Joe then took up the rifle again—a bolt action, iron sights,.223 Remington—and checked the chamber. There was nothing there.

“I don’t dare ask,” Cathy said.

He looked over his shoulder. Lester was standing beside her.

“Empty” was all he said.

“Could you see what he was trying to do, just before he went down?” Lester asked.

They looked at each other, knowing the implications. Joe took in the trooper, out of earshot but still staring at the body, his face as pale and blank as before.

“I’d only be guessing,” Joe answered.

Cathy didn’t respond. Lester merely said, “Me, too.”

On the truck’s far side, though, they could hear Zachary’s voice even better, now that she’d been pulled from the wreckage, accusing them all of murdering her husband.

Joe leaned over and twisted the body’s head to one side, allowing Cathy to see its face. Black flies were already hovering close by. “That Bob?”

She nodded once, undeterred by the blood still leaking from the hole in his temple. “What’s left of him.”

Joe sighed. “Great.”

        CHAPTER 18        

Lenny Chapman, Cathy Lawless, and Joe Gunther stood side by side, looking through the one-way mirror into the interrogation room containing a bedraggled Jill Zachary Her long, matted, mud-streaked black hair contrasted starkly with the yellow blanket wrapped around her shoulders.

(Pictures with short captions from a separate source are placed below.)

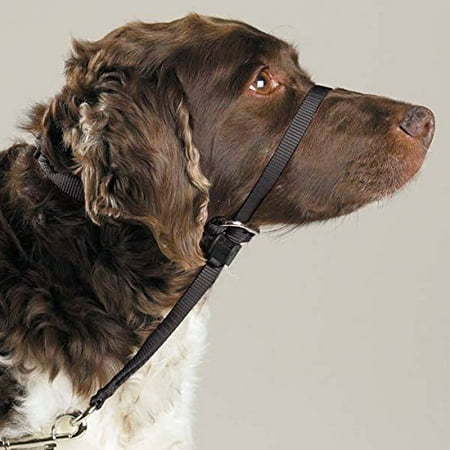Gentle Leader Dog Head Collars - Training Stop Pulling Lunging Unwanted behavior(Large - 60 to 130 (Best Dog Gentle Leader)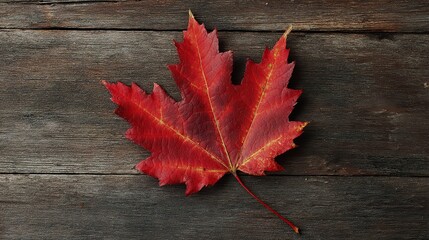 Obraz premium Top view of red maple leaf on dark wood background, showcasing vibrant red color and detailed leaf texture.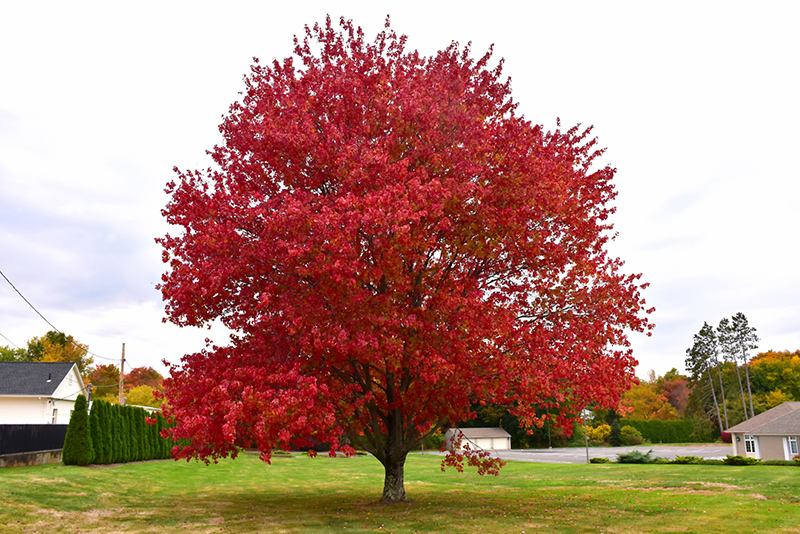 Red Maple (Acer rubrum) at Weston Nurseries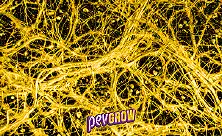 Mycorhizes pour Cannabis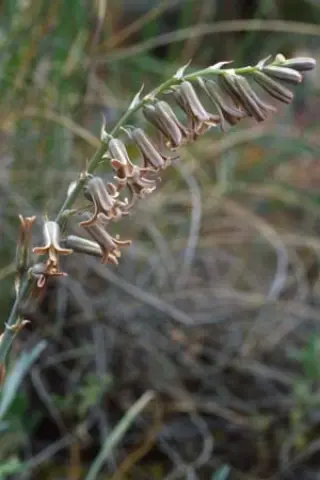 Dipcadi serotinum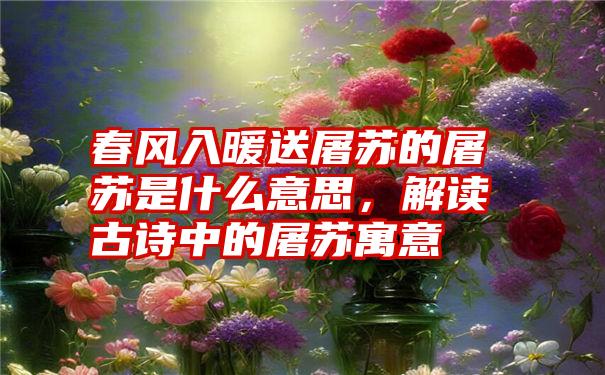 春风入暖送屠苏的屠苏是什么意思，解读古诗中的屠苏寓意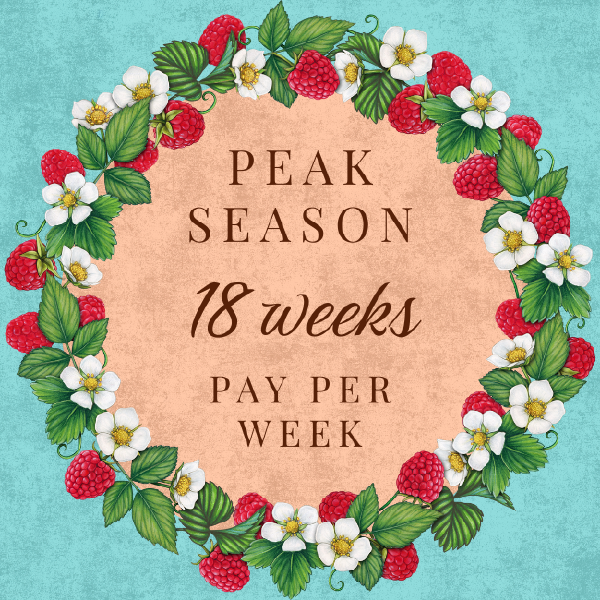 2026 Peak Season CSA - Pay per Week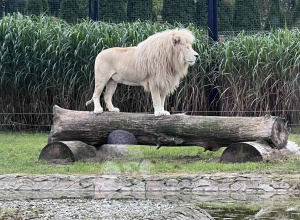 Zoo Borysew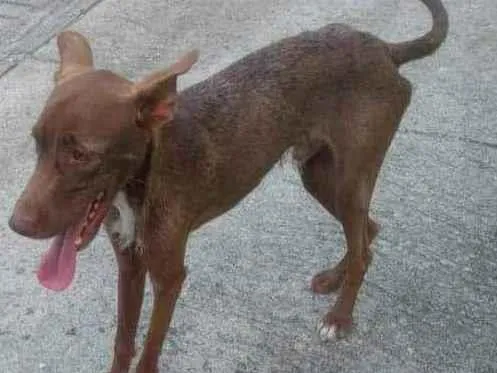 Cachorro raça SRD idade 7 a 11 meses nome Snoop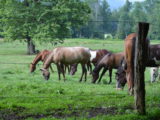 Horses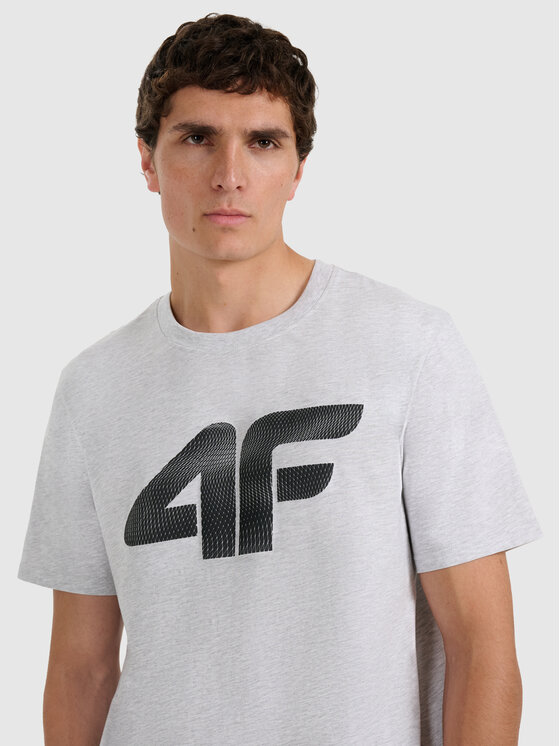 4F 4F T-Shirt NOS Szary jasny Regular Fit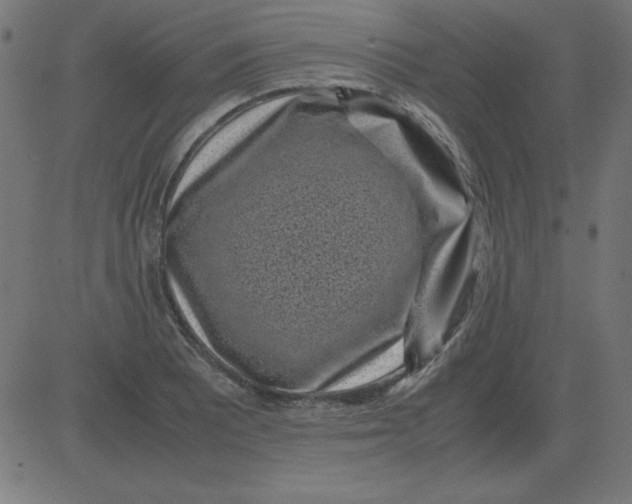 X0000081351081200702020108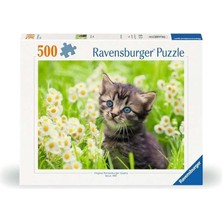 Leaf Shop 500P Puzzle Kedi Foto, Yapboz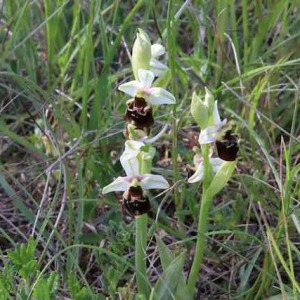 Photographie n°2526787 du taxon Ophrys fuciflora subsp. fuciflora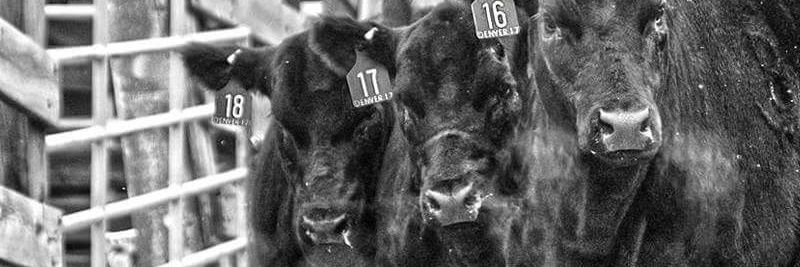 loganotto82's profile banner image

“Technically,” Lawless was saying to Joe, “you’re the reason we’re all here.” She jerked her chin at the woman in the other room and added, “Including her.”

“You sure?” Joe asked. “This is a federal case, on your turf. Seems a stretch to give me first shot.”

Chapman laughed softly. “Jesus, you
are
the diplomat. Both those agencies are standing right here, Joe, telling you to take a crack at her. Go for it.”

Joe conceded with a smile. “You just don’t want to keep hearing how we murdered Bob in cold blood.”

“Right,” Cathy agreed with a smile.

In fact, none of them was particularly worried about that. They were all veterans; they couldn’t swear what Bob had intended—suicide by cop was common enough; and they knew the trooper was likely to be found innocent by Internal Affairs, if overly enthusiastic.
Plus, in the final analysis, they also shared the belief that Bob had made his own choices.

“We’ve got nothing so far, right?” he asked them. “From the house or the kid?”

“Not so far,” Cathy acknowledged.

He nodded finally. “All right, I’ll see what I can get.”

Zachary started violently at his entrance, as if she’d been dozing off, which she might have been, given her recent adrenaline rush.

“Ms. Zachary,” he said. “My name’s Gunther.”

“When am I getting out of here?” she demanded, twisting in her chair and glaring up at him.

He crossed to the other metal chair in the stark room and sat down.

“I have a child to take care of,” she persisted.

He didn’t show how that struck him, and didn’t plan to until he got a better handle on how to deal with her.

“I understand that,” he answered instead. “But you have to know we’ve got a couple of questions for you. Your son is with Child Services for the moment, and being well taken care of. He seems like a nice guy.”

“You saw him?” she asked, which he should have expected.

He hedged his answer, since he hadn’t seen the boy since the car chase. “Yeah. He’s doing fine.”

Her face hardened, as if he’d just delivered an insult. “He can be a jackass.”

He didn’t rise to the bait. “Can’t they all?”